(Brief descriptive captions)
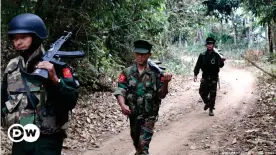  ??  ?? Kämpfer der "Kachin Independen­ce Army" im Norden Myanmars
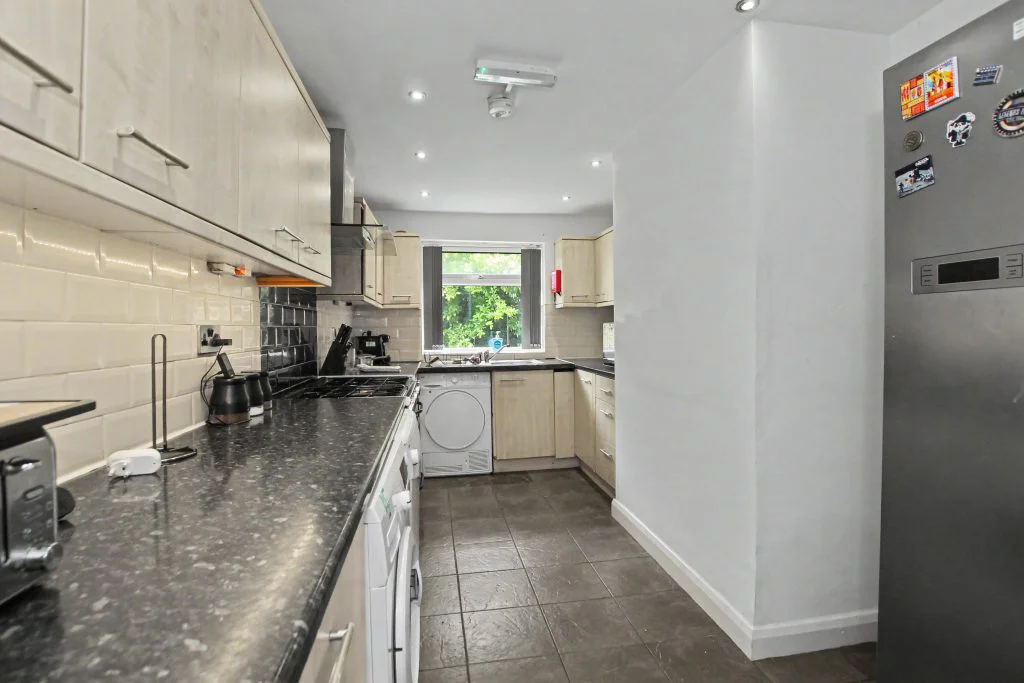 47K - Kitchen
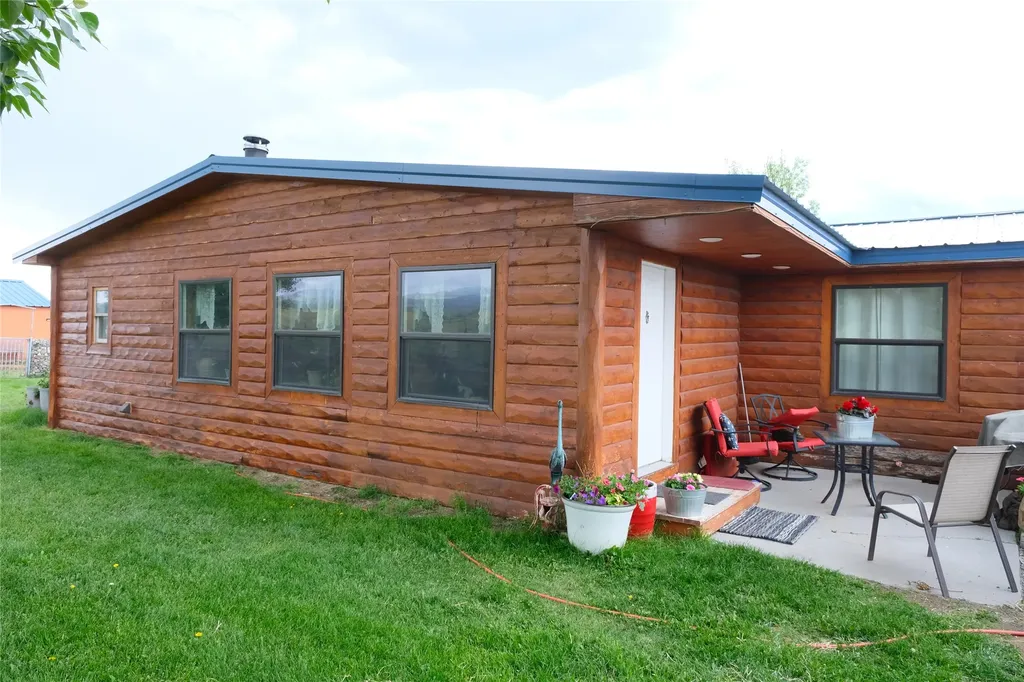 1551 Jackrabbit Lane Whitehall MT 59759
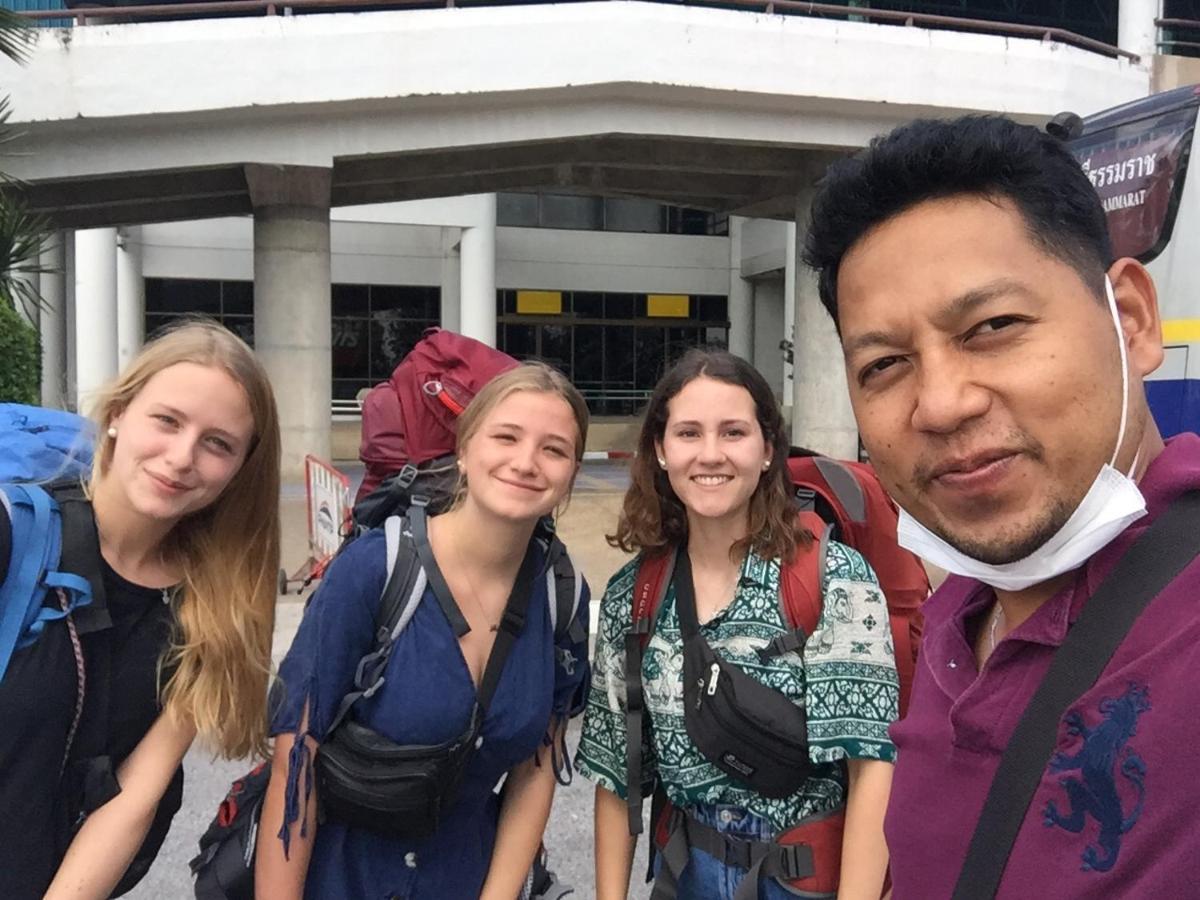 You In House Urt Surathani Airport Surat Thani Exterior photo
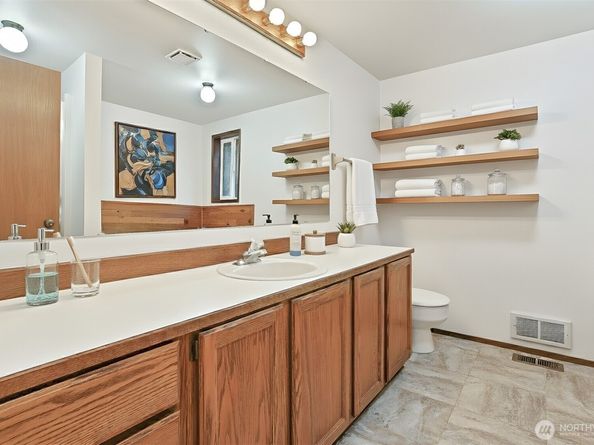 24004 10th Place W, Bothell WA 98021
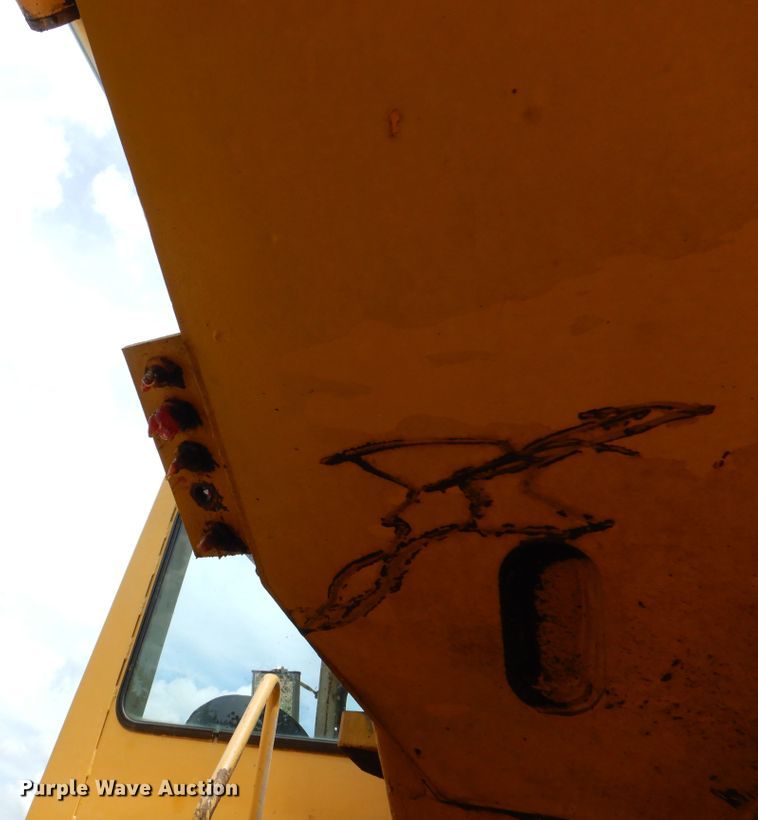 image for item DM6319 1989 John Deere 862B  elevating scraper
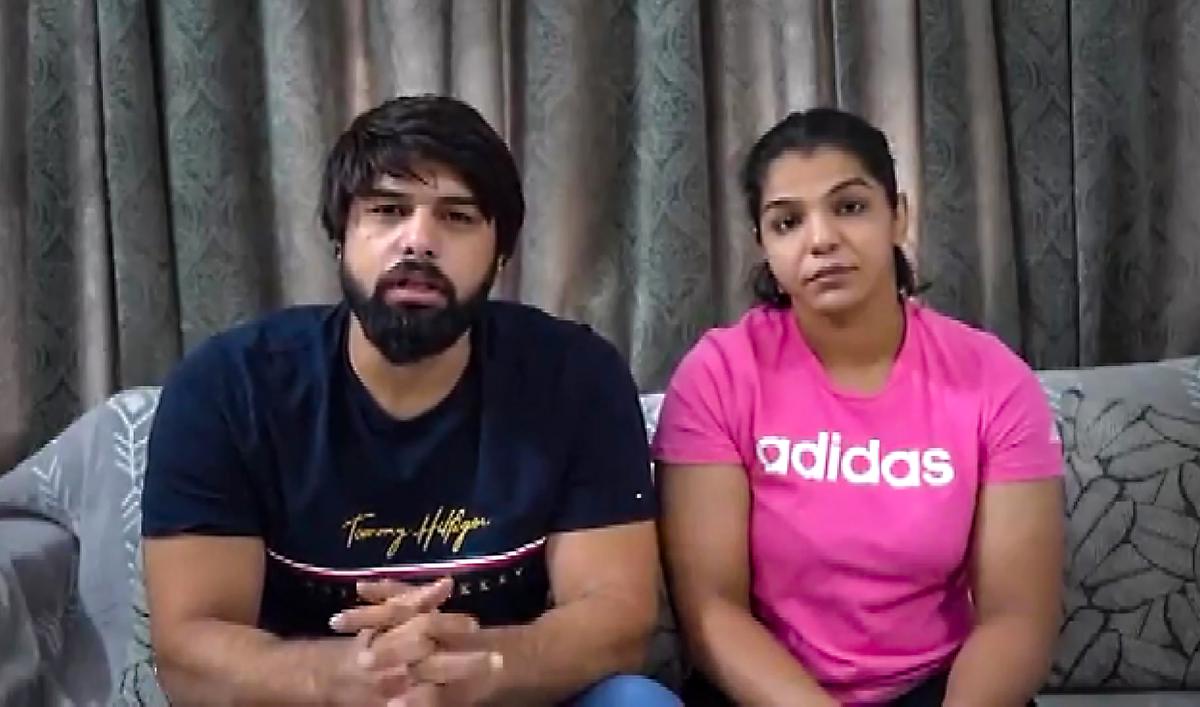 Wrestlers' protest | Babita Phogat has tried to weaken our protest, says Sakshi  Malik - The Hindu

[PROBLEM DESCRIPTION] Exclude all pictures and return precisely the lines from the one containing "47K - Kitchen" through the closing line of the data.

[ANSWER TO THIS PROBLEM]
 47K - Kitchen
 1551 Jackrabbit Lane Whitehall MT 59759
 You In House Urt Surathani Airport Surat Thani Exterior photo
 24004 10th Place W, Bothell WA 98021
 image for item DM6319 1989 John Deere 862B  elevating scraper
 Wrestlers' protest | Babita Phogat has tried to weaken our protest, says Sakshi  Malik - The Hindu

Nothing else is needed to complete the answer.